Take the following scenario. A person makes an application for refugee status or humanitarian protection (a ‘protection claim’), or an immigration application based on their human rights (a ‘human rights claim’). This is refused (or the application is withdrawn), and all rights of appeal are exhausted. Then, the person claims to have important new information or evidence that they want to bring to the Home Office’s attention.

The Home Office has to strike a balance here. On the one hand, the new evidence may very well be genuine and significant. As Bingham MR once commented, “it is not hard to imagine cases in which an initial “claim for asylum” might be made on insubstantial, or even bogus, grounds, and be rightly rejected, but in which circumstances would arise or come to light showing a clear and serious threat of a kind recognised by the Convention to the life or freedom of the formerly unsuccessful applicant. A scheme of legal protection which could not accommodate that possibility would in my view be seriously defective.” On the other hand, the government has to guard against abuse and protect public funds by dealing efficiently with unfounded or repeated claims.

The ‘fresh claims’ provisions under paragraph 353 of the Immigration Rules govern the procedure in this situation.

What are ‘further submissions’ and how should they be made?

Paragraph 353 begins by stating as follows:

  1. When a human rights or protection claim has been refused or withdrawn or treated as withdrawn under paragraph 333C of these Rules and any appeal relating to that claim is no longer pending, the decision maker will consider any further submissions and, if rejected, will then determine whether they amount to a fresh claim.

‘Further submissions’ are not defined in the Rules, but the Home Office’s policy guidance sets out how they can be made. The process will depend on whether the submissions are based on protection grounds, human rights grounds or both. It may also depend on the individual’s specific circumstances, including whether they are currently in detention or subject to removal action.

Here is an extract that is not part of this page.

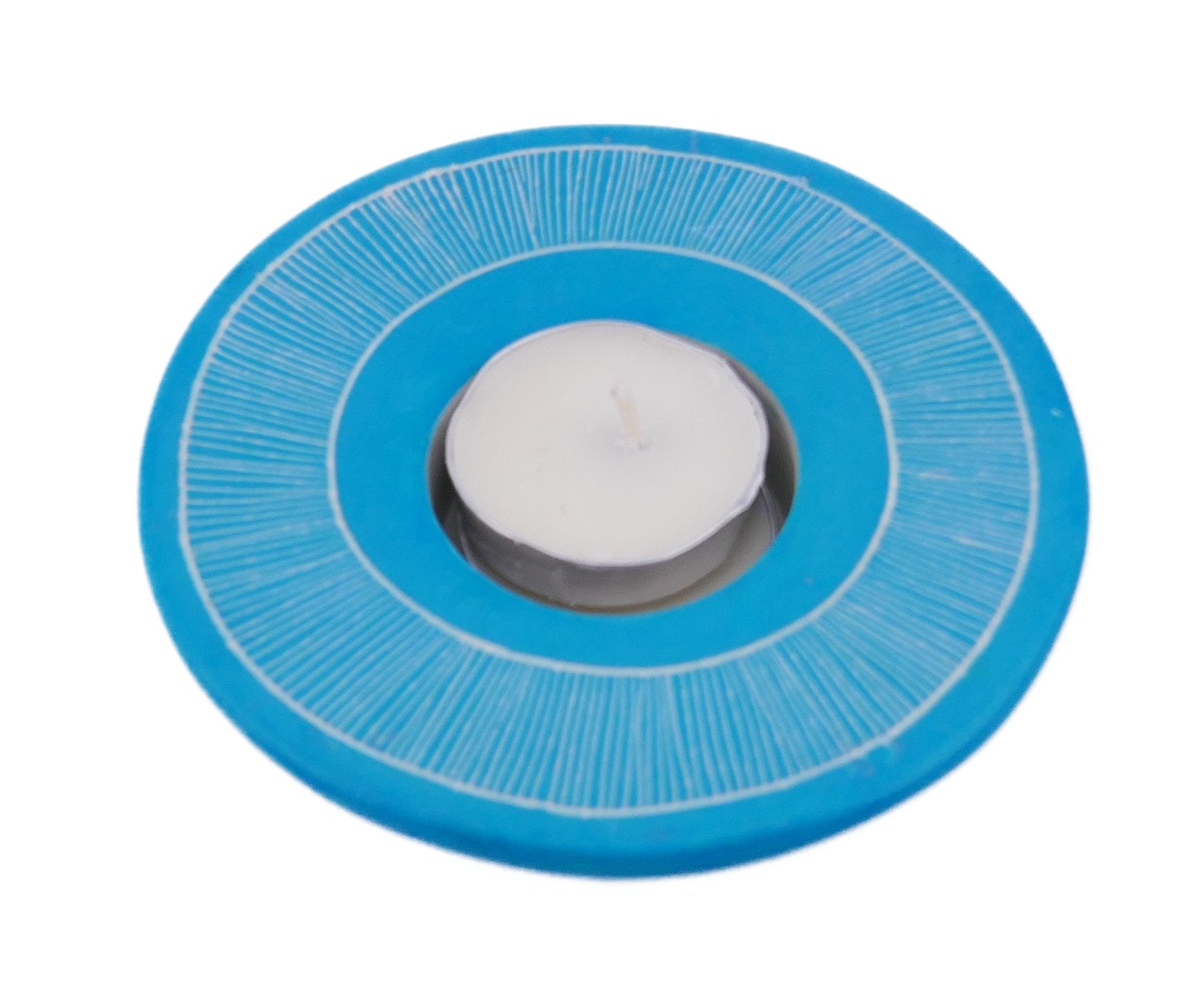 Circle Tealight Holder stone sculpture hand made 10cm Orange or Sky Blue with Storycard - FriendlyTradingCo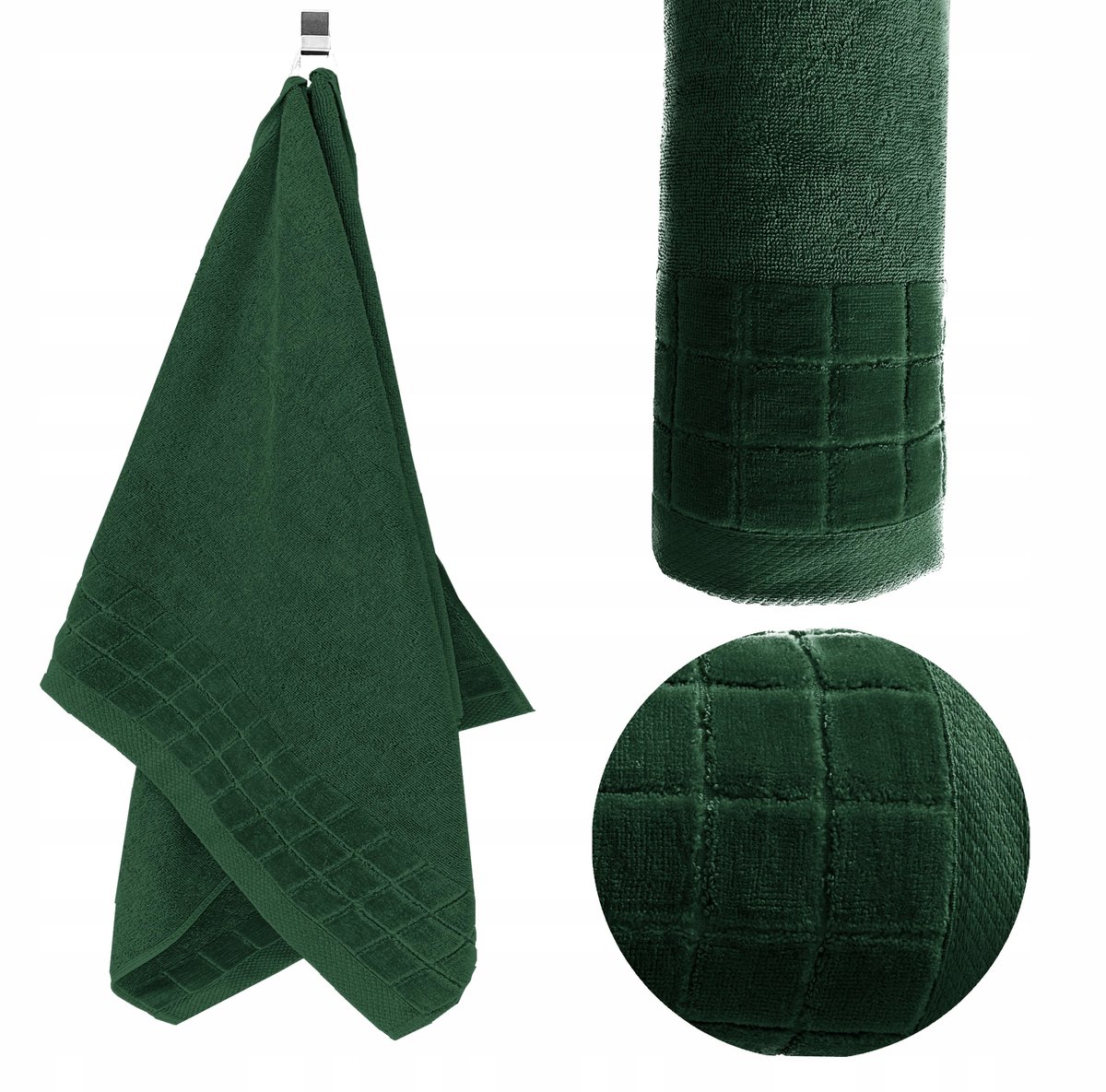 KONEY - Badhanddoek - Larisa - 70 x 140 cm - Groen - 500 g/m²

Generally speaking, further submissions made on protection grounds must be made in person at one of the Home Office’s specified Service and Support Centres (SSCs). Exceptions can be made in limited circumstances, such as where an applicant is unable to travel, is an unaccompanied child, has an ongoing judicial review or is in detention. Permission must be specifically requested. Otherwise, the applicant must book an appointment by telephone, and should then bring all the relevant further evidence (and any documentation requested) when they attend.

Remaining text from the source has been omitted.